Suzanne M. Scanlan is Assistant Professor of Theory and History of Art and Design at the Rhode Island School of Design. Her research centers on women as artists, patrons and collectors from the Renaissance through the modern period. Previous works include Divine and Demonic Imagery at Tor de’ Specchi, 1400-1500: Religious Women and Art in 15th -Century Rome (2018).

R. Tripp Evans is an award-winning historian of American art and design. He is a frequent public lecturer, professor of the history of art at Wheaton College, and serves as a collections consultant to historic house museums. In his more recent work, Evans has focused on the contributions gay men have made to the development of American style. His biography of the American painter Grant Wood considers the roles that Wood's sexuality and family life played in his art, and the complicated way his work--particularly, his iconic painting American Gothic (1930)--became a powerful vehicle for nationalist expression. Grant Wood: A Life won the National Award for Arts Writing.

Esther Pressoir: A Modern Woman's Painter by Suzanne M. Scanlan

Coming of age in the 1920s, Stella, as she was known to her friends, cast off societal expectations of a working-class immigrant family in New England and moved through the studios, galleries, and nightclubs of New York.

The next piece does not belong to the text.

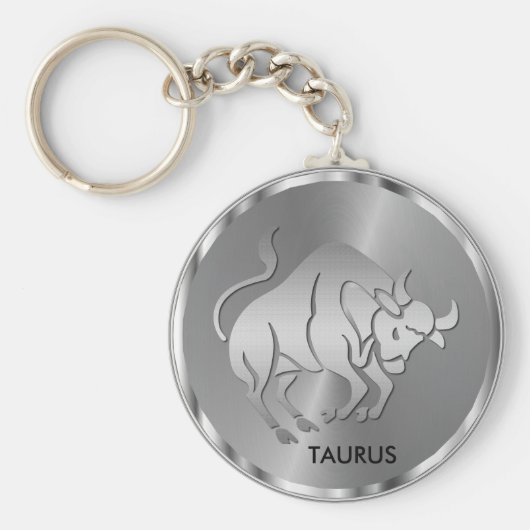 Silver Taurus ♉ Bull - Zodiac Horoskop Schlüsselanhänger (Vorne)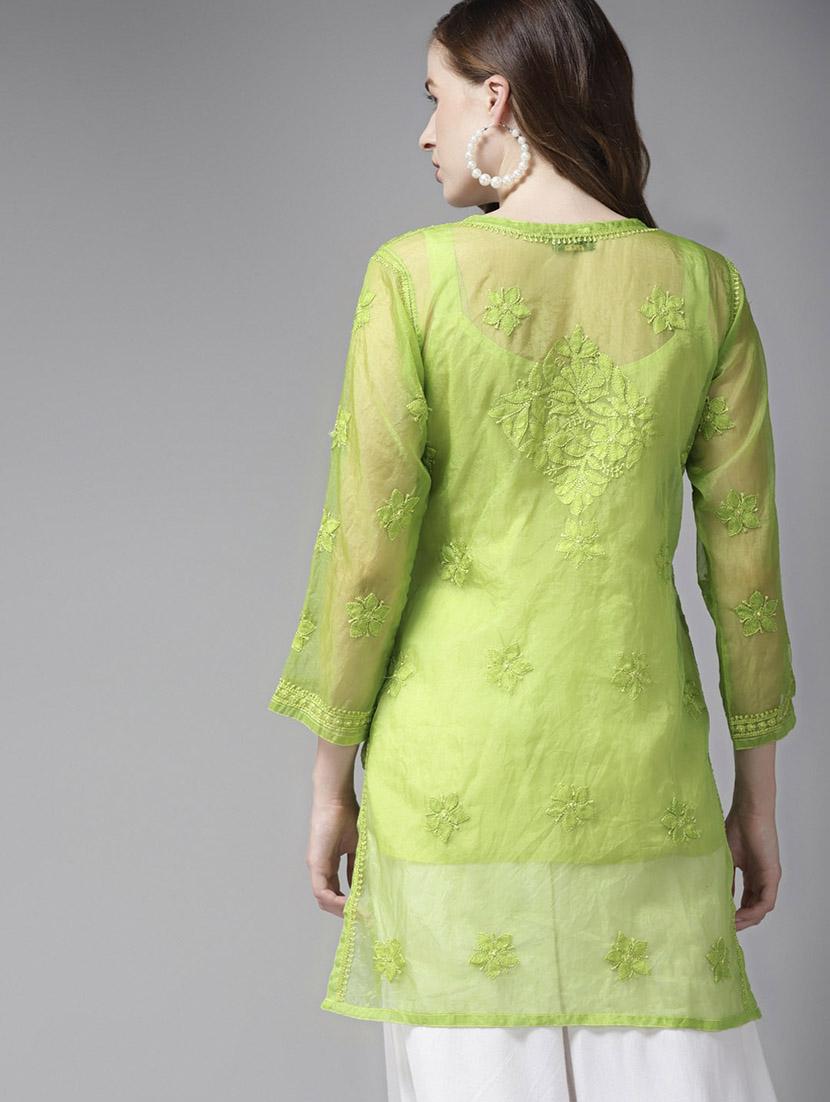 women solid with work notch neck chikanakri kurti - 22001384 -  Standard Image - 1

Following an unprecedented 18,000 km bicycle trip across Europe in 1927, where she kept a daily journal and made hundreds of sketches, Pressoir developed an expressionistic style that straddled figuration and abstraction. She made provocative renderings of the female nude that challenged historical models, including unabashed self-portraits and intimate depictions of her longtime muse, a dancer from Harlem named Florita. Pressoir’ s work is illuminated here in an examination of her private travel journal, letters, and numerous paintings, prints and drawings, some of which were recovered from the veritable time capsule of her art studio after she died. Placing Pressoir’ s work in relation to trailblazing contemporaries such as Alice Neel, Florine Stettheimer and Suzanne Valadon, this book establishes Pressoir as a force to be reckoned with in the decades of emergent feminism and modern art in America and restores her to her rightful place in the expanding canon of art.